The right time to sow in the fall can be fixed only with great difficulty, for so much depends upon the climatic conditions. In fact the practice varies in accordance with differences in fall precipitation and early fall frosts. Where numerous fall rains maintain the soil in a fairly moist condition and the temperature is not too low, the problem is comparatively simple. In such districts, for latitudes represented by the dry-farm sections of the United States, a good time for fall planting is ordinarily from the first of September to the middle of October. If sown much earlier in such districts, the growth is likely to be too rank and subject to dangerous injury by frosts, and as suggested by Farrell the very large development of the root system in the fall may cause, the following summer, a dangerously large growth of foliage; that is, the crop may run to straw at the expense of the grain. If sown much later, the chances are that the crop will not possess sufficient vitality to withstand the cold of late fall and winter. In localities where the late summer and the early fall are rainless, it is much more difficult to lay down a definite rule covering the time of fall sowing. The dry-farmers in such places usually sow at any convenient time in the hope that an early rain will start the process of germination and growth. In other cases planting is delayed until the arrival of the first fall rain. This is an certain and usually unsatisfactory practice, since it often happens that the sowing is delayed until too late in the fall for the best results.

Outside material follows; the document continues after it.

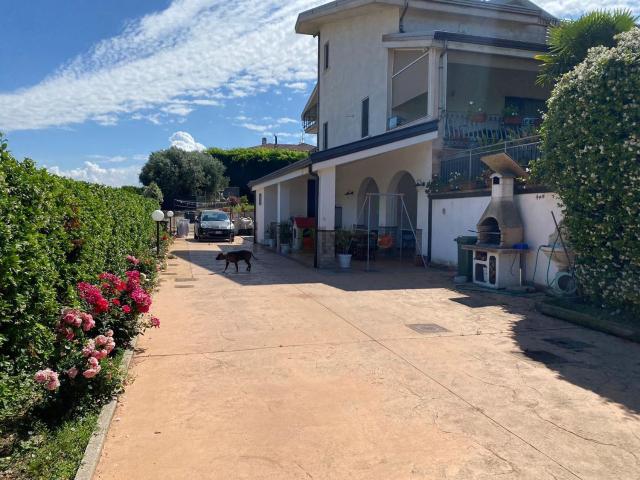 Casa in vendita a Albanella, Campania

In districts of dry late summer and fall, the greatest danger in depending upon the fall rains for germination lies in the fact that the precipitation is often so small that it initiates germination without being sufficient to complete it. This means that when the seed is well started in germination, the moisture gives out. When another slight rain comes a little later, germination is again started and possibly again stopped. In some seasons this may occur several times, to the permanent injury of the crop. Dry-farmers try to provide against this danger by using an unusually large amount of seed, assuming that a certain amount will fail to come up because of the repeated partial germinations. A number of investigators have demonstrated that a seed may start to germinate, then be dried, and again be started to germinate several times in succession without wholly destroying the vitality of the seed.
In these experiments wheat and other seeds were allowed to germinate and dry seven times in succession. With each partial germination the percentage of total germination decreased until at the seventh germination only a few seeds of wheat, barley, and oats retained their power. This, however, is practically the condition in dry-farm districts with rainless summers and falls, where fall seeding is practiced. In such localities little dependence should be placed on the fall rains and greater reliance placed on a method of soil treatment that will insure good germination. For this purpose the summer fallow has been demonstrated to be the most desirable practice. If the soil has been treated according to the principles laid down in earlier chapters, the fallowed land will, in the fall, contain a sufficient amount of moisture to produce complete germination though no rains may fall. Under such conditions the main consideration is to plant the seed so deep that it may draw freely upon the stored soil-moisture. This method makes fall germination sure in districts where the natural precipitation is not to be depended upon.